At Glorics, our agents don't just execute tasks — they remember. They accumulate observations, learn from client feedback, and refine their behavior over weeks and months of operation. But storing memories is the easy part. Retrieving the right memory at the right moment — that's where the engineering gets serious.
This article takes you inside Agentics, the memory intelligence layer of the Glorics platform. We'll show you how 12 autonomous agents maintain, search, and cross-reference their memories using a hybrid architecture that combines keyword precision with semantic understanding.

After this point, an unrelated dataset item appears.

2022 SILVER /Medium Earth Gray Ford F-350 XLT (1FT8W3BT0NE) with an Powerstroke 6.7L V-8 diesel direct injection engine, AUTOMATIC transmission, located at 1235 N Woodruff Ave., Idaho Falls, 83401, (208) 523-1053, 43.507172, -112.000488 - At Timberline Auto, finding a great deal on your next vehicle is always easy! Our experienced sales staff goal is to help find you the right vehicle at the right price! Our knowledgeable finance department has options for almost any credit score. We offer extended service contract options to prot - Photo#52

Here are the building blocks:
Before we talk about search, you need to understand where memories are stored. Every Glorics agent has a soul — a structured markdown document that contains everything the agent knows. Not a vague embedding blob, not a key-value store. A readable, editable, human-auditable document.
The soul is organized in three hierarchical levels, from the most general to the most specific:
Each project-level soul contains six sections: Identity, Brand Voice, Domain Context, Rules, What I've Learned (auto-observations + human notes), and Performance Summary. The agent accumulates observations automatically — when a content piece gets scored, when a SERP position changes, when the human adds notes like "focus on implant content."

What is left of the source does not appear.